* [YOUR INSTRUCTIONS] Images are to be left out; everything else in the listing should be repeated exactly.

* [THE DATA]
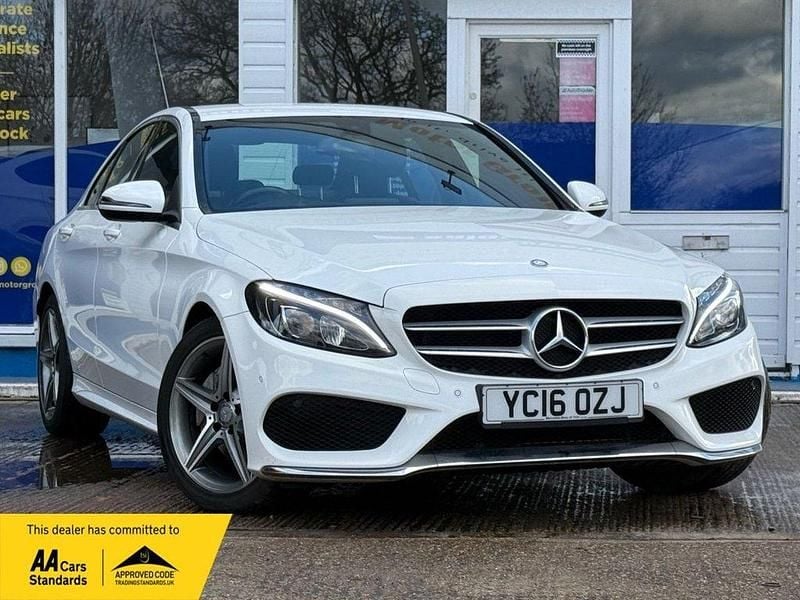 Used Mercedes C200 AMG line 136 HP (100 kW) 2016 White Sedan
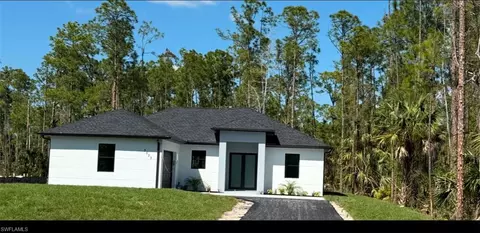 3533 41st Ave NE, Naples, FL 34120
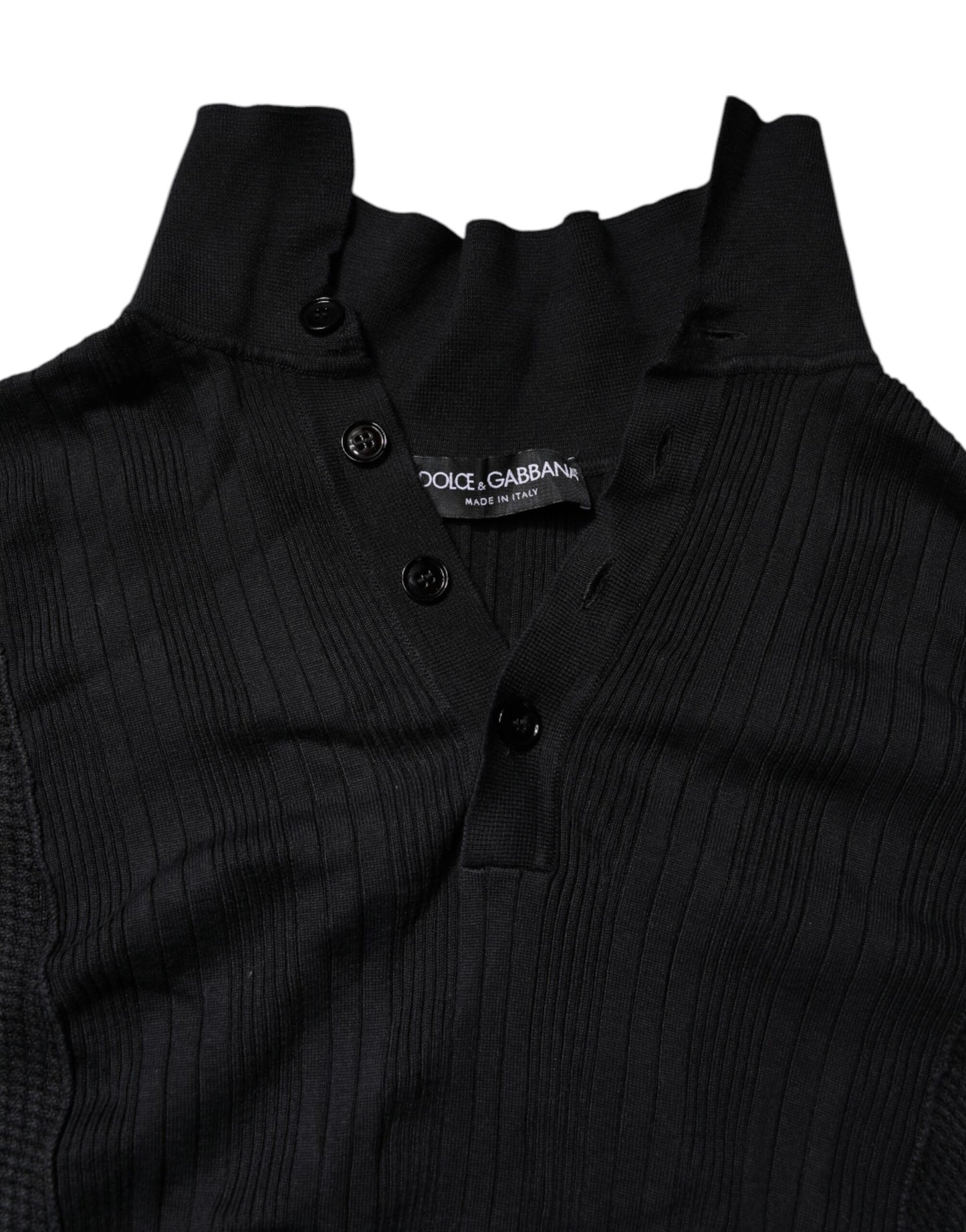 Dolce & Gabbana Schwarzer Pullover aus geknöpfter Seide mit Heraldik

* [WRITTEN SOLUTION]
 Used Mercedes C200 AMG line 136 HP (100 kW) 2016 White Sedan
 3533 41st Ave NE, Naples, FL 34120
 Dolce & Gabbana Schwarzer Pullover aus geknöpfter Seide mit Heraldik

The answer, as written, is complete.